Zero-shot skeleton action recognition is a non-trivial task that requires robust unseen generalization with prior knowledge from only seen classes and shared semantics. Existing methods typically build the skeleton-semantics interactions by uncontrollable mappings and conspicuous representations, thereby can hardly capture the intricate and fine-grained relationship for effective cross-modal transferability. To address these issues, we propose a novel dyNamically Evolving dUal skeleton-semantic syneRgistic framework with the guidance of cOntext-aware side informatioN (dubbed Neuron), to explore more fine-grained cross-modal correspondence from micro to macro perspectives at both spatial and temporal levels, respectively. Concretely, 1) we first construct the spatial-temporal evolving micro-prototypes and integrate dynamic context-aware side information to capture the intricate and synergistic skeleton-semantic correlations step-by-step, progressively refining cross-model alignment; and 2) we introduce the spatial compression and temporal memory mechanisms to guide the growth of spatial-temporal micro-prototypes, enabling them to absorb structure-related spatial representations and regularity-dependent temporal patterns. Notably, such processes are analogous to the learning and growth of neurons, equipping the framework with the capacity to generalize to novel unseen action categories. Extensive experiments on various benchmark datasets demonstrated the superiority of the proposed method.

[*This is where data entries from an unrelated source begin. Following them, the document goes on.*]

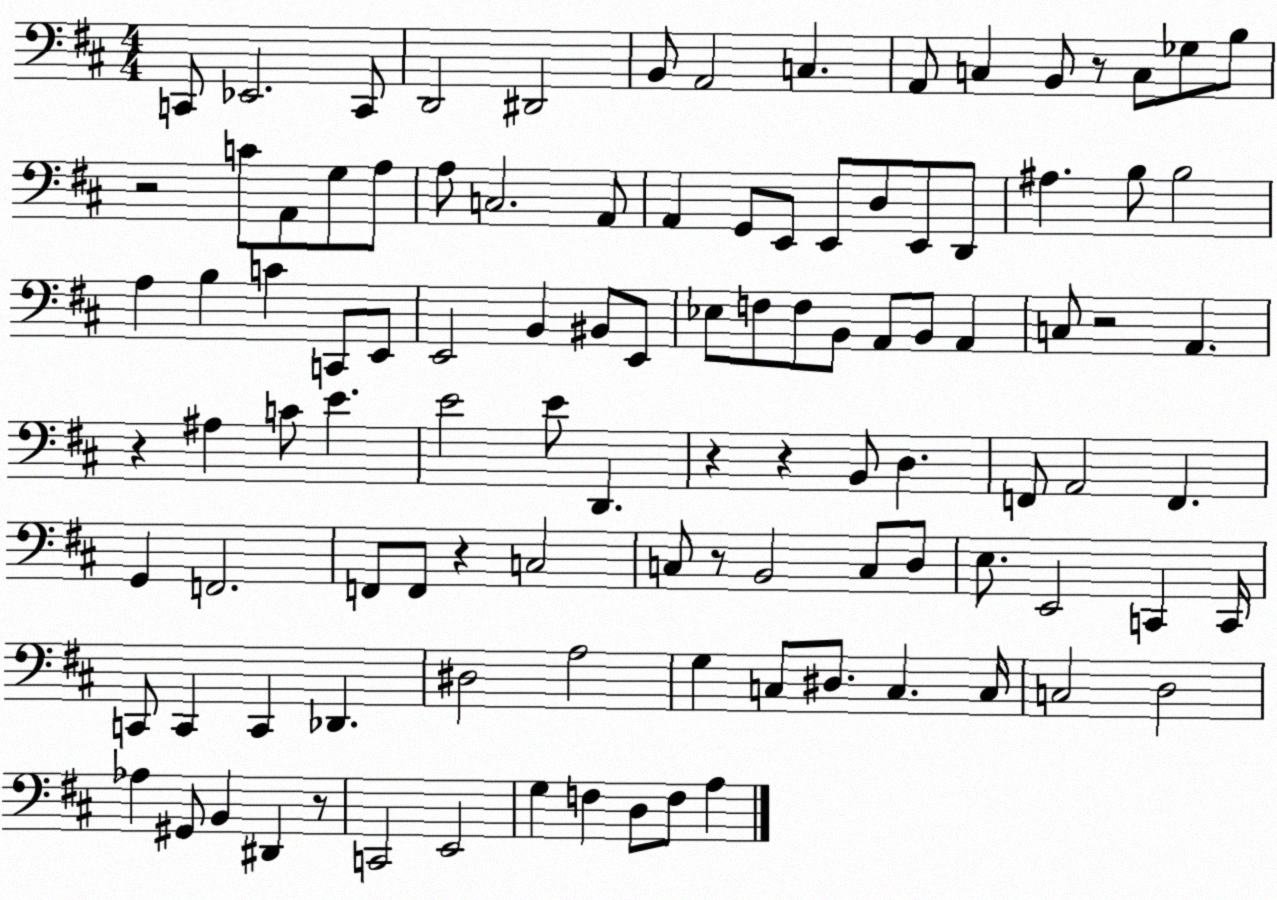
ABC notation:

X:1
T:Untitled
M:4/4
L:1/4
K:D
C,,/2 _E,,2 C,,/2 D,,2 ^D,,2 B,,/2 A,,2 C, A,,/2 C, B,,/2 z/2 C,/2 _G,/2 B,/2 z2 C/2 A,,/2 G,/2 A,/2 A,/2 C,2 A,,/2 A,, G,,/2 E,,/2 E,,/2 D,/2 E,,/2 D,,/2 ^A, B,/2 B,2 A, B, C C,,/2 E,,/2 E,,2 B,, ^B,,/2 E,,/2 _E,/2 F,/2 F,/2 B,,/2 A,,/2 B,,/2 A,, C,/2 z2 A,, z ^A, C/2 E E2 E/2 D,, z z B,,/2 D, F,,/2 A,,2 F,, G,, F,,2 F,,/2 F,,/2 z C,2 C,/2 z/2 B,,2 C,/2 D,/2 E,/2 E,,2 C,, C,,/4 C,,/2 C,, C,, _D,, ^D,2 A,2 G, C,/2 ^D,/2 C, C,/4 C,2 D,2 _A, ^G,,/2 B,, ^D,, z/2 C,,2 E,,2 G, F, D,/2 F,/2 A,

翻译：零样本骨架动作识别是一项非平凡任务，需要仅基于可见类别的先验知识与共享语义实现鲁棒的未见类别泛化。现有方法通常通过不可控的映射和显式表示构建骨架-语义交互，因而难以捕捉精细且细粒度的关系以实现有效的跨模态可迁移性。为解决这些问题，我们提出一种新颖的**动态演化双流骨架-语义协同框架**（命名为Neuron），在上下文感知辅助信息的引导下，分别从空间和时间层面探索从微观到宏观的更细粒度跨模态对应关系。具体而言：1）我们首先构建时空演化微原型，并整合动态上下文感知辅助信息以逐步捕捉精细的骨架-语义协同关联，渐进式优化跨模态对齐；2）引入空间压缩与时间记忆机制指导时空微原型的生长，使其能够吸收结构相关的空间表示与规律依赖的时间模式。值得注意的是，该过程类似于神经元的学习与生长过程，使框架具备泛化至未见动作类别的能力。在多个基准数据集上的大量实验验证了所提方法的优越性。